Despite majority of the aforesaid changes are welcome steps, there are still some ambiguities that can creep into the taxpayer’s journey in claiming deduction under the “new improved” section.  Some of these are explained below:

i. What is the meaning of term ‘employee’? –This may throw up lot of opportunities/ questions. Things to ponder over are whether deduction can be claimed for contract/ part-time/ casual employees/ dual employment cases? Whether legal employer has to claim the deduction or an economic employer can also claim such deduction? Reliance on the jurisprudence which defines the definition of ‘employee’ presents a possibility of wider application beyond just legal employees.   

ii.
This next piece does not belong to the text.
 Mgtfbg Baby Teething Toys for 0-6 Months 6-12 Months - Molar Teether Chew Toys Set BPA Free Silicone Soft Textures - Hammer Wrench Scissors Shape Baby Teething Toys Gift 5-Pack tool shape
Whether the amount of deduction claimed in first year would remain constant in subsequent years or the same needs to be computed separately each year? - There could be challenges for example; when the employees leave the employer in the second or third year or there is a subsequent increase in salaries beyond Rs 25,000 pm etc

iii. Whether employees not serving 240 days in their first year of employment could be covered for the incentive in the next year?  If interpreted in narrow manner, the additional employees have to be hired before August each year which cannot be intention considering the dynamic industry situations in India.

iv. In case where a company has two undertakings representing separate businesses wherein there is increase in the headcount in one undertaking, however, on overall basis there is net attrition in the company.  In such case, whether the company should be eligible for this deduction? Considering the legislative history and various references within the provision there may still be possibility to such company to explore claiming the deduction.  

v. Deduction is available for taxpayers earning profits and gains derived from business.  Absence of the word ‘profession’ is conspicuous. Since, as per Indian jurisprudence, the term “business” and “profession” are recognised separately, professional service firms may face challenges in claiming this deduction.

Concluding thoughts

Liberalizing the provisions of section 80JJAA is a positive step in line with the employment generation agenda of the government. This benefit should incentivise the set-up of new undertakings and also expansion plans of the existing taxpayers. Despite few pitfalls and issues around interpretations, the new provision is encouraging enough to examine a claim of deduction in the tax return for FY 2016-17 shortly due. Since CBDT is playing very active role in the recent past to clarify all controversial issues, a step to clarify issues under section 80JJAA will be a welcome step.